Incubation of 2 mg amounts of catechol in 5 ml samples of heparinated blood plasma from four subjects at 38 degrees C for 24 h produced plasma-soluble rheomelanins. These solutions had the brown color and the yellow-green fluorescence in ultraviolet light of 366 nm of other rheomelanins. Their differential ultraviolet and visible spectra showed a rheomelanin absorption maximum at 344 nm. Paper chromatograms of the rheomelanin-plasma solutions in 5% methanol-95% water showed elongated spots of rheomelanins with RF values of 0.82, on Whatman No. 1 paper. Using heparinated distilled water adjusted to pH 7.4 with sodium bicarbonate instead of human blood plasma gave markedly different findings from those obtained with the plasma rheomelanin solutions. Incubation of 4 mg amounts of catechol in 10 ml samples of heparinated whole blood from four subjects for 24, 32 and 48 at 38 degrees C produced rheomelanins as found in the plasma separated from the blood after incubation. The differential ultraviolet and visible spectra of these solutions revealed hemolysis caused by the catechol rheomelanins; this was more marked with longer incubations. The hemolysis was manifested by two absorption peaks at about 270 and 400 nm. Paper chromatography revealed the brown elongated spots of catechol rheomelanins with an RF value of 0.82. Other spots owing to the products of hemolysis were also present.

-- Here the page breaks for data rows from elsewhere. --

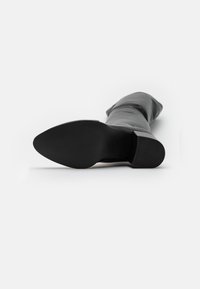 Bota negra hasta la rodilla con una superficie lisa y suave, punta redondeada, tacón grueso y una suela texturizada. Diseño sencillo sin adornos visibles.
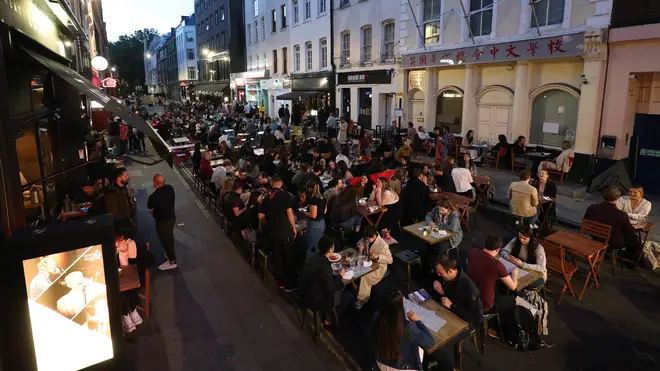 People eating on restaurant tables placed outside on Frith St in Soho, London
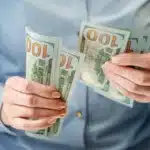 Resources for single moms – woman holding and counting money to represent financial support and assistance.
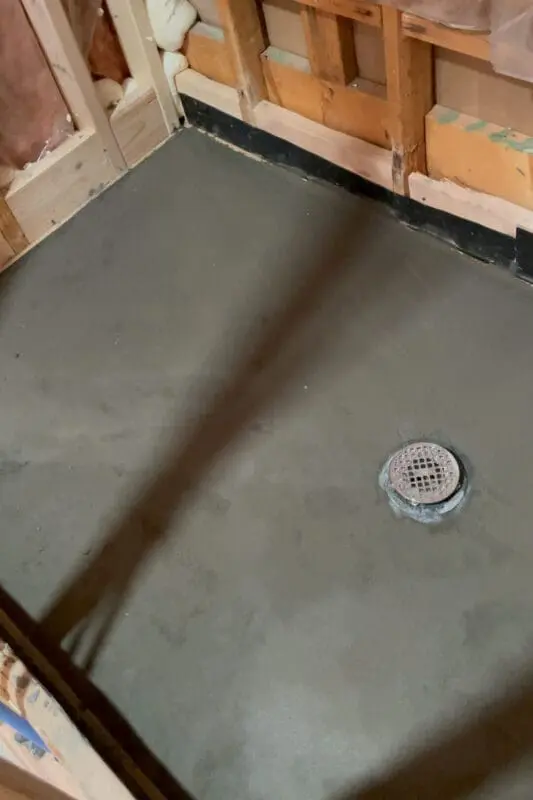 Freshly poured concrete shower pan with a centered floor drain, part of a bathroom renovation. The smooth concrete surface contrasts with the unfinished walls, which have exposed insulation and wooden framing, signaling the ongoing work in the space.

Studies on rheomelanins. IV. The apparent occurrence in vivo of rheomelanins in human blood.

Paper chromatograms of the rheomelanins made earlier in this laboratory in human plasmas during incubation with each of the catecholamines or with L-dopa had yellow-green fluorescence in ultraviolet light of 366 nm (Hegedus & Altschule, 1970). In the present studies, a yellow-green fluorescent spot was found in each paper chromatogram. All of these spots were eluted and their excitation and emission spectra were recorded and compared to one another. The rheomelanins made from the catecholamines, L-dopa, catechol or from mixtures of these in human plasmas during incubation were chromatographed twice on paper with two different solvent systems. These artificial rheomelanins in vitro and the apparent in vivo rheomelanins present in plasmas moved together during the two chromatographies. These yellow-green fluorescent compounds were eluted as one spot after the second chromatography. This mixture produced high intensity excitation and emission spectra closely similar to the low intensity excitation and emission spectra of the apparent in vivo rheomelanins of unincubated human plasmas treated the same way without any chemical under nitrogen. The RF-values of the various rheomelanin spots after each chromatography were closely similar. These above results were also obtained with other solvent systems. It appears therefore that rheomelanins are formed in vivo in the human body.